South Asheville Cemetery
The oldest public African American cemetery in western North Carolina began in the mid-1800s as a burial ground for enslaved people on property owned by William McDowell and tended by George Avery, an enslaved man. It later evolved into a public African American cemetery with almost 3,000 graves. Only 93 of those have headstones, including Avery’s. Over the decades, the two-acre cemetery became overgrown with trees and brush until George Gibson, who’d helped dig graves there as a boy, felt God’s calling to restore it. In 1983, with hedge clippers and a sling blade, he started clearing the grounds. Since then, volunteers and members of the South Asheville Cemetery Association have improved and maintained this sacred historic site.
God’s Acre Moravian Cemeteries
Bethabara & Salem
Bethabara and Salem were established in 1753 and 1766, respectively, by Moravians who emigrated from Europe to Pennsylvania and then to what would become Forsyth County. Each town’s congregation had a graveyard called God’s Acre — translated from the old Germanic der Gottesacker, meaning “God’s Field” — where, Moravians believe, physical bodies are planted until they rise as spiritual bodies. Like all Moravian graveyards, the ones in Bethabara and Salem follow a layout and gravestone design recognizing that everyone is equal in God’s eyes. Members of the congregation worship and serve in “choirs” defined by age, gender, and marital status, and they are buried not in family groups but with their choir members in chronological order of their death. The Bethabara and Salem God’s Acres are still in use: Bethabara’s has nearby trails and scenic hilltop views, while Salem’s, at 40 acres, is the largest in the state.
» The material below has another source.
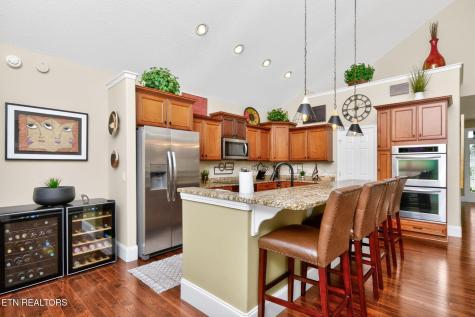 152 Lafayette Terrace Crossville TN 38558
South Church and Bank streets
Winston-Salem, NC 27101
Old Burying Ground
Tales of bravery abound in Beaufort’s Old Burying Ground, established 300 years ago in what is now the historic district of one of North Carolina’s oldest towns. Ancient live oaks canopy over wooden slabs, ornate tombstones, and vaulted markers covered in brick to protect them from high water and wild animals. A young girl who died at sea in the mid-1700s is buried in a rum keg, which, stories say, her father used to bring her preserved body back. Sympathetic visitors leave toys on her grave, where locals describe having seen the ghost of a little girl playing. Swashbuckling naval hero Otway Burns, who captured more than 40 British vessels during the War of 1812, rests under a cannon from his ship, the Snap Dragon. The Beaufort Historical Association offers daily tours, available by reservation, that reveal other intriguing tales.
Old Settler’s Cemetery
Situated between the historic First Presbyterian Church of Charlotte and modern skyscrapers, and featuring winding brick paths, towering trees, and manicured lawns, Old Settler’s Cemetery is more city park than graveyard. Yet many of Charlotte’s early influential families are buried there, including Revolutionary War veteran Maj. Gen. George Graham; State Senator and U.S. Representative Greene Washington Caldwell; and Thomas Polk, a founding father of Charlotte and great-uncle of President James K. Polk. The first burial occurred in 1776, making this Charlotte’s oldest municipal cemetery. In 1853, Old Settler’s was replaced by a new city cemetery because space had become limited, but burials continued with special permission until 1884.